===== Supplied records

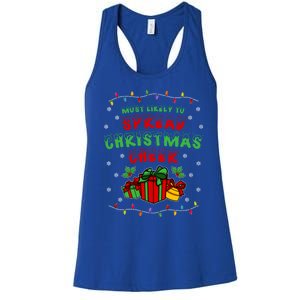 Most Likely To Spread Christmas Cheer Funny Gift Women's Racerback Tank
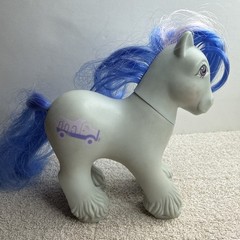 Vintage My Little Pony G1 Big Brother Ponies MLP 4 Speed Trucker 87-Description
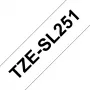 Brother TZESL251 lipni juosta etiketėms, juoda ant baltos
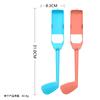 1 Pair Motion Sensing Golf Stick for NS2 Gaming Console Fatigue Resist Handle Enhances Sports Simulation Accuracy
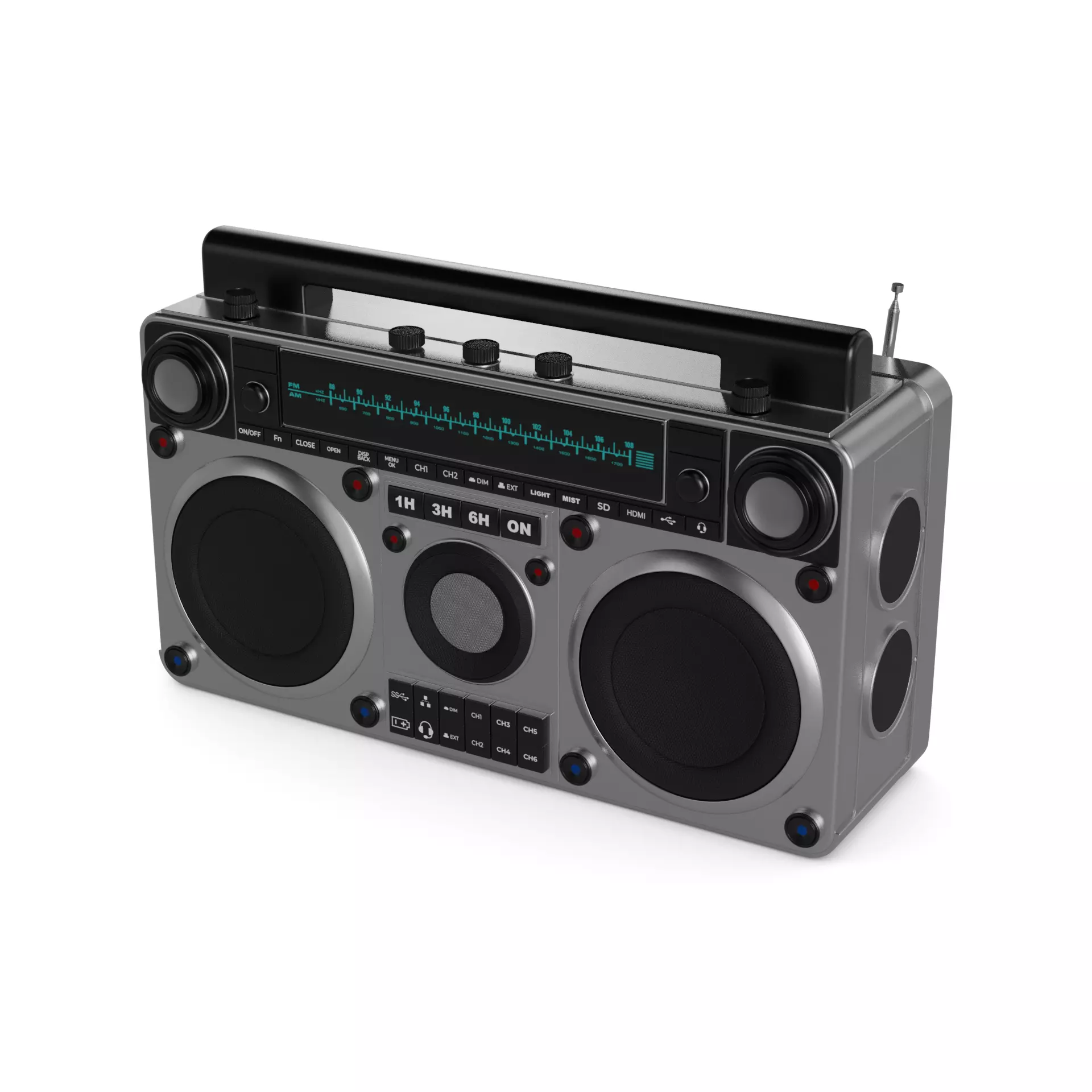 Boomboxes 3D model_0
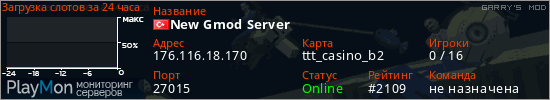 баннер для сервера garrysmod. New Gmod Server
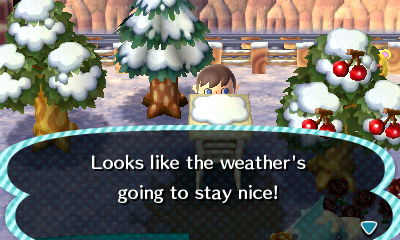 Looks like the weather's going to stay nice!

==========
===== Supplied records

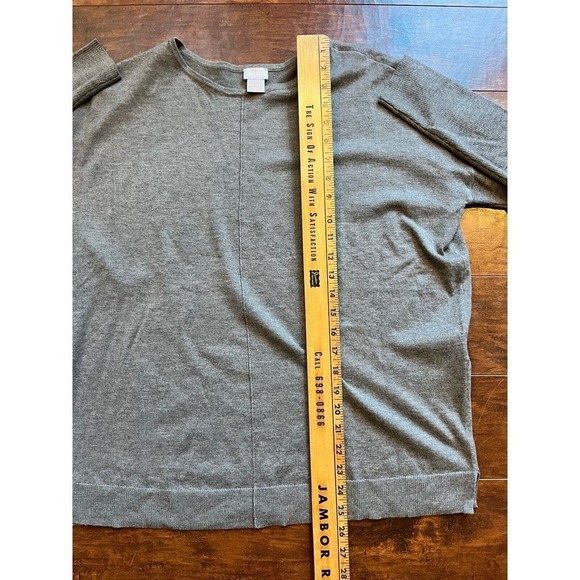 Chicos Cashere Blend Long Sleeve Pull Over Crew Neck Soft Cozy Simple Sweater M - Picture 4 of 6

==========

◆ What to produce ◆
Using the records above, print exactly the run of lines that starts with the line with "Most Likely To" and goes on through the line with "1 Pair Motion", pictures excluded.

◆ Result of the exercise ◆
 Most Likely To Spread Christmas Cheer Funny Gift Women's Racerback Tank
 Vintage My Little Pony G1 Big Brother Ponies MLP 4 Speed Trucker 87-Description
 Brother TZESL251 lipni juosta etiketėms, juoda ant baltos
 1 Pair Motion Sensing Golf Stick for NS2 Gaming Console Fatigue Resist Handle Enhances Sports Simulation Accuracy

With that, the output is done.